Diablo III: Storm of Light

A Devilishly Good Read

Diablo III: Storm of Light
Nate Kenyon

Diablo III: Storm of LightStorm of Light is high fantasy that highlights the constructed history behind the video game Diablo 3. In this universe angelic beings called the Agiris Council, who defeated the demonic Prime Evil, now stand guard over an artifact called the Black Soulstone. Much like Bilbo’s ring this stone slowly corrupts those who possess it. The problem is the Agiris Council keeps it in a heaven like place called Silver City.

In this cosmos, the High Heavens Silver City sits above with an equally powerful Burning Hells below. Between these poles sits the world of humanity, Sanctuary. The defenders of humanity are the Horadrim; a group of heroes whose mission is to save humanity. “Storm of Light” tells the story of these heroes.

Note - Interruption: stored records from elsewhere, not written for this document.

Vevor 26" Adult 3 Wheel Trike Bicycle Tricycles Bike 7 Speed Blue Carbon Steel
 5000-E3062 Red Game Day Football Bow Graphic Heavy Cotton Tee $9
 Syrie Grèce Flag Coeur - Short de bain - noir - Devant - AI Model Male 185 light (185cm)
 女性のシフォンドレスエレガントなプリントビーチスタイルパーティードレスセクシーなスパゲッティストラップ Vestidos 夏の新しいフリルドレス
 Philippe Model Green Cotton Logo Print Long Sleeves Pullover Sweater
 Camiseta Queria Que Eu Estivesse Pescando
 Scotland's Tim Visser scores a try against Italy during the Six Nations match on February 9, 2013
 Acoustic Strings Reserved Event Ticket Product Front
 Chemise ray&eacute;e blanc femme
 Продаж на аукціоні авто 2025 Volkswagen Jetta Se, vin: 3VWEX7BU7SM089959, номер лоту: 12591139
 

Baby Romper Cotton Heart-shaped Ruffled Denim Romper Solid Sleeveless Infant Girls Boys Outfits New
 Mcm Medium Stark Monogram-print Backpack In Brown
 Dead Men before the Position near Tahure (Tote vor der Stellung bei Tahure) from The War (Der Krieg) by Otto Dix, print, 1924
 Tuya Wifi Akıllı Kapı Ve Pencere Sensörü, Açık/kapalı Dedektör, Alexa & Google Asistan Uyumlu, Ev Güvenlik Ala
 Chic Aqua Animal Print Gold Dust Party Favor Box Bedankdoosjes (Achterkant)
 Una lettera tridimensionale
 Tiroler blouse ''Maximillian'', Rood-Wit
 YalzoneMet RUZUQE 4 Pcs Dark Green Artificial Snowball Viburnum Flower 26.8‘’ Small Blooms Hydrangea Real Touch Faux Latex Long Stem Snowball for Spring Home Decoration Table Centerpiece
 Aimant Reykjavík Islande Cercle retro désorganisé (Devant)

Nate Kenyon, the author, does a convincing job of putting supernatural heroes in a conflict that combines Angelic lore and eschatology. The Horadrim heroes are; angel-turned-human Tyrael, the doom haunted Jacob, Jacob’s past paramour the wizard Shanar, a mystic monk Mikulov, the scholarly Cullen, the barbarian warrior Gynvir, and the surprisingly nice necromancer Zayl.

The novel is written in multiple viewpoints, with Tyrael, Jacob, Mikulov, Zayl and other characters given a chapter to advance the action. Many fantasy novels now use shifting third person limited omniscience to great effect. Writers such as George R. R. Martin take it to an epic extreme and offer shambling monsters made up of conflicting, competing and complimenting stories that strut over a large unbounded world. Kenyon, taking a smaller, game generated universe, uses complimentary narratives that get the job done in an economic way.

The most interesting viewpoint is from Tyrael: an angel who gives up his wings to become mortal. A member of the aforementioned Agiris Council, he takes on the Aspect of Wisdom (each member of this Council has an aspect: Hope, Valor, Fate, Wisdom and Justice).  He does this when Malthael, the previous archangel who was Wisdom, leaves the High Heavens for reasons both mysterious and sinister.

Tyrael struggles with his new found mortality but it protects him from the influence of the Black Soulstone and gives him insight into how it is corrupting the Silver City. He constantly realizes he is physically weaker now that he needs food, shelter and sleep. But these elements of mortality give him a wisdom that his angelic brethren lack. It is he who brings the Horadrim together and hatches the plan to steal the Black Soulstone from the Silver City.

While many of Tyrael’s chapters are soul-searching and highlight the conflict between the arrogant angels and the flawed yet humble humans, Mikulov’s show a balanced character who is very comfortable with the chaos and views it as an outgrowth of a universe trying to balance itself. He surpasses most of the humans in this book to become superhuman. His monk is a sort we’ve seen before, the Taoist martial artist who remains calm and accepting of any struggle since he has a deeper balance within.

Jacob is not so confident or so supremely competent. He pines for the magic using Shanar while she remains focused on their quest. Her view of their past romance was one of a partnership that became something more for a brief time. He doubts both his own self worth and the success of their mission.

Zayl, the nice necromancer, brings a little comic relief. He carries a sarcastic talking skull in a bag by his side. This skull’s advice is usually to retreat and it comments on any absurdity they come upon. Zayl’s interaction with his skull and the other characters is far more lighthearted than the rest.

If these characters and their situations intrigue you or if you are a Diablo fan, Storm of Light is a must read.